* **TASK ITEM**
Lines from the one containing "CiCiwind Gold Peel" to the end of the records, both ends included and exactly as written, are the whole answer, and no pictures go in it.

Entries taken from a collection:
== Segment start ==

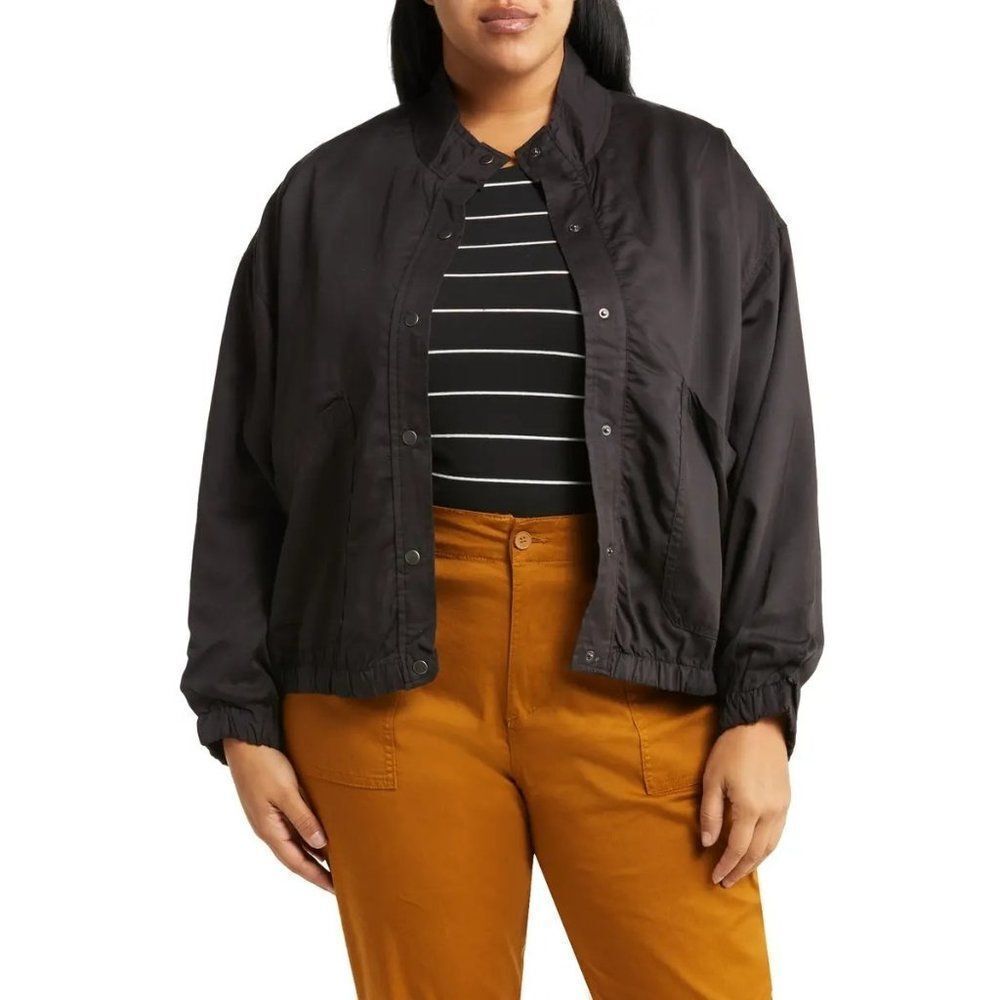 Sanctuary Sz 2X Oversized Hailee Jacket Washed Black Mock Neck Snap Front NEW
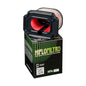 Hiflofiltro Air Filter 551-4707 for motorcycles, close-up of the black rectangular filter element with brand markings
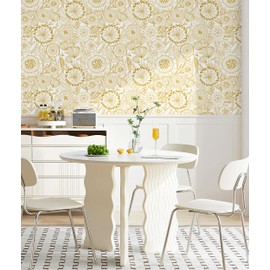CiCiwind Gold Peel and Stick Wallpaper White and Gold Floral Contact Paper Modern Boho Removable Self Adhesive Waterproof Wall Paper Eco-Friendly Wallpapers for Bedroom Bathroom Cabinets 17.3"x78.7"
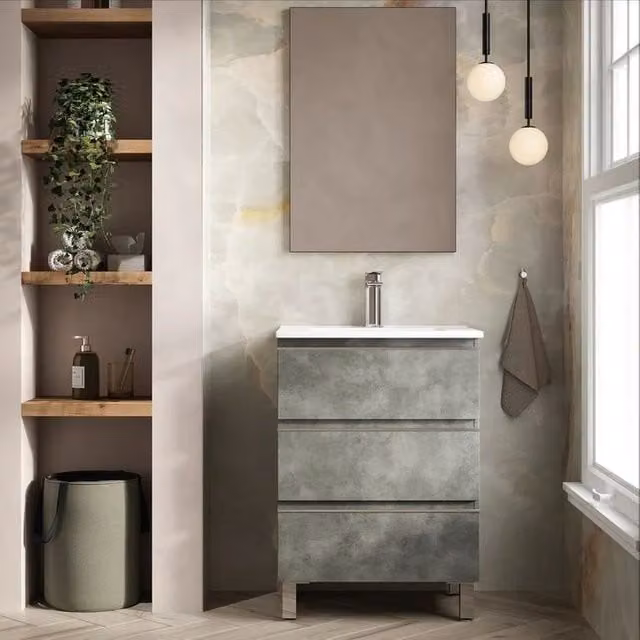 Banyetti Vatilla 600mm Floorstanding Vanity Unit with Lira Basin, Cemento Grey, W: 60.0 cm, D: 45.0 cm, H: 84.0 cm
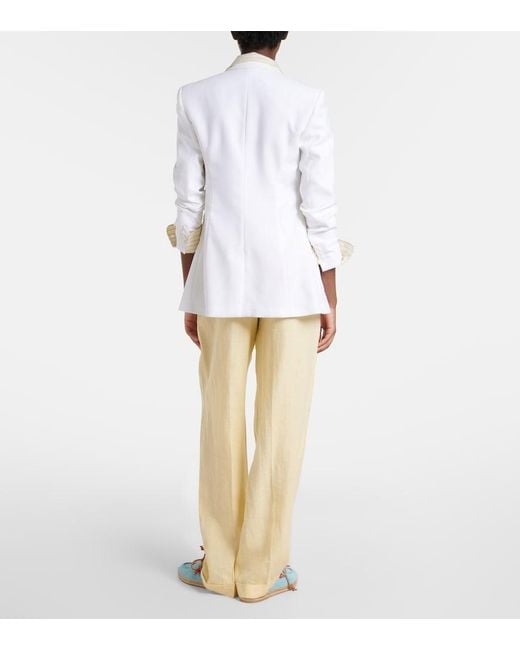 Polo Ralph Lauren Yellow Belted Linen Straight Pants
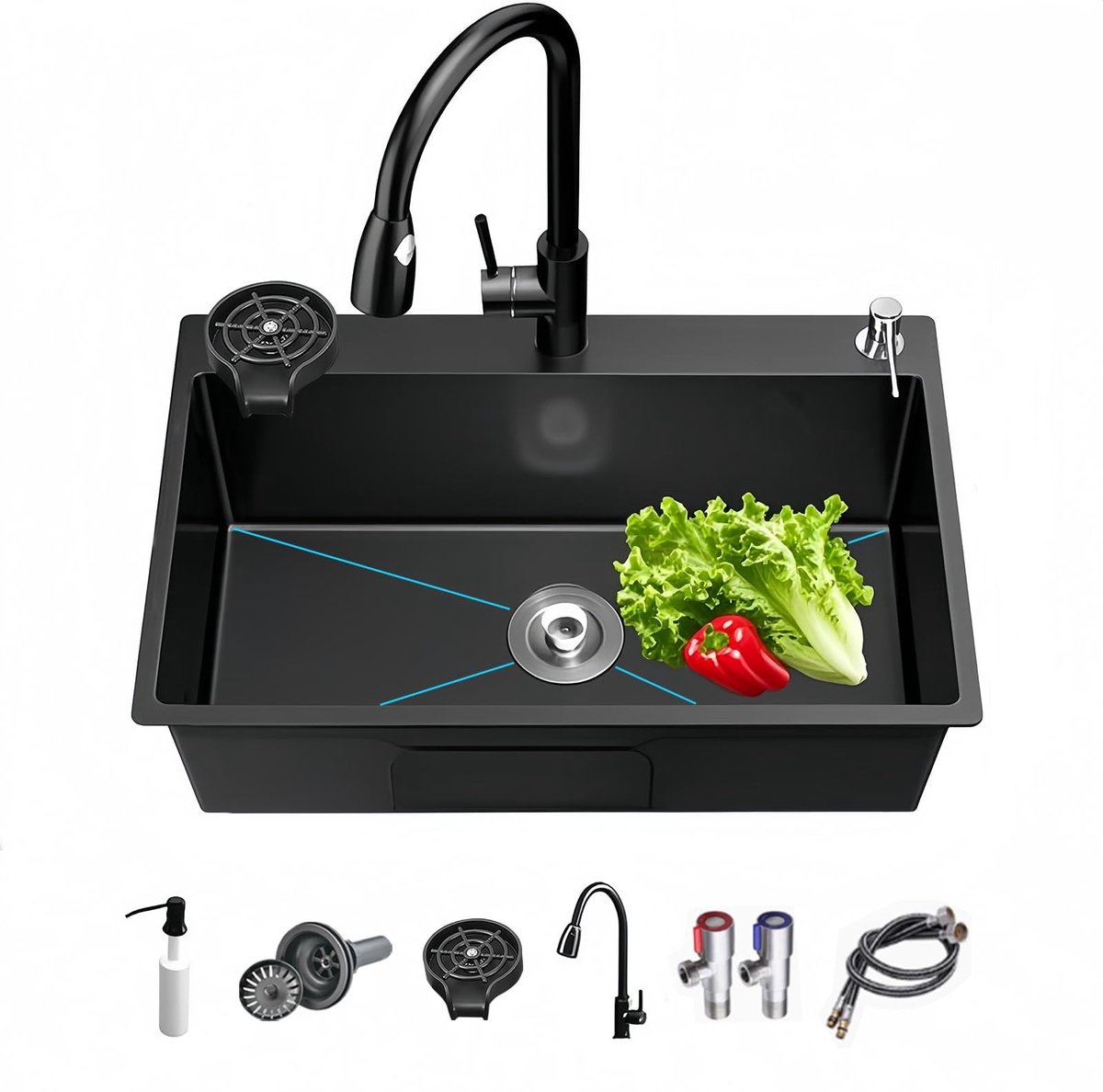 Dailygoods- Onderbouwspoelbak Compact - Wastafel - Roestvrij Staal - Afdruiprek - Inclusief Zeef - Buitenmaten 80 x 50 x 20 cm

== Segment end ==

* **SOLVED PROBLEM**
CiCiwind Gold Peel and Stick Wallpaper White and Gold Floral Contact Paper Modern Boho Removable Self Adhesive Waterproof Wall Paper Eco-Friendly Wallpapers for Bedroom Bathroom Cabinets 17.3"x78.7"
 Banyetti Vatilla 600mm Floorstanding Vanity Unit with Lira Basin, Cemento Grey, W: 60.0 cm, D: 45.0 cm, H: 84.0 cm
 Polo Ralph Lauren Yellow Belted Linen Straight Pants
 Dailygoods- Onderbouwspoelbak Compact - Wastafel - Roestvrij Staal - Afdruiprek - Inclusief Zeef - Buitenmaten 80 x 50 x 20 cm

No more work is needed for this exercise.